There was a very different humanitarian situation in Pakistan, he said, with the country now undergoing a successful democratic handover of power that had generated both optimism and high expectations. In addition, development workers were helping to build preparedness for and resilience against the type of natural disasters that had ravaged Pakistan in recent years. However, he warned that “there is still a huge vulnerability”, particularly as the monsoon approached. Indeed, as the country headed into the rainy season, the humanitarian community might soon be called upon to respond to more flooding, he pointed out.
The question was again one of funding, he continued, noting that there had been an alarming drop in international support to Pakistan. The humanitarian appeal launched during the severe floods of 2010 had been 70 per cent funded, but that number had dropped to 29 per cent by 2012. There was frustration among aid workers at not being able to deliver, he said, underlining the need to raise Pakistan’s profile among donors.
Mr. Ging also responded to a number of questions from correspondents, including one who asked about activities to increase funding for protracted emergencies like those in Afghanistan and Pakistan. Mr. Ging replied that new, high-profile crises, such as those in Mali and Syria, received the “lion’s share” of assistance, and the pot of money assigned was simply not sufficient to meet the needs of all crises around the world. In fact, new crises required the allocation of new money, in addition to funding for protracted emergencies. More Member States must begin to shoulder that burden as it had sadly fallen on just a few countries for too long, he said, warning that their tax payers had limited tolerance and could not be relied upon forever.
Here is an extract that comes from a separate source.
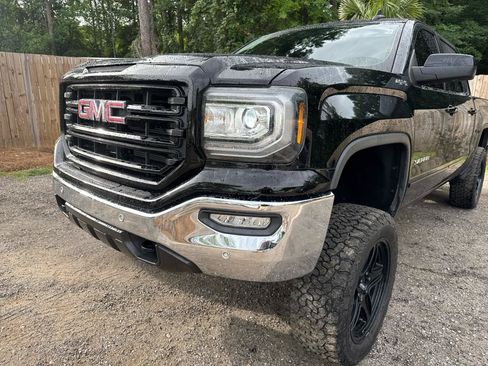 Used 2017 GMC Sierra 1500 SLT w/ SLT Premium Package AWD/4WD image 3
Asked about the status of refugees from Syria, and how they affected the humanitarian conditions of neighbouring countries, he acknowledged that their return was not yet possible as the crisis was still raging. The large number of refugees was having a destabilizing effect on neighbouring States, in addition to posing a huge economic burden. While commending Syria’s neighbours for keeping their borders open to refugees, he stressed: “We in the international community need to share in that burden,” in particular by helping to finance basic services in those countries.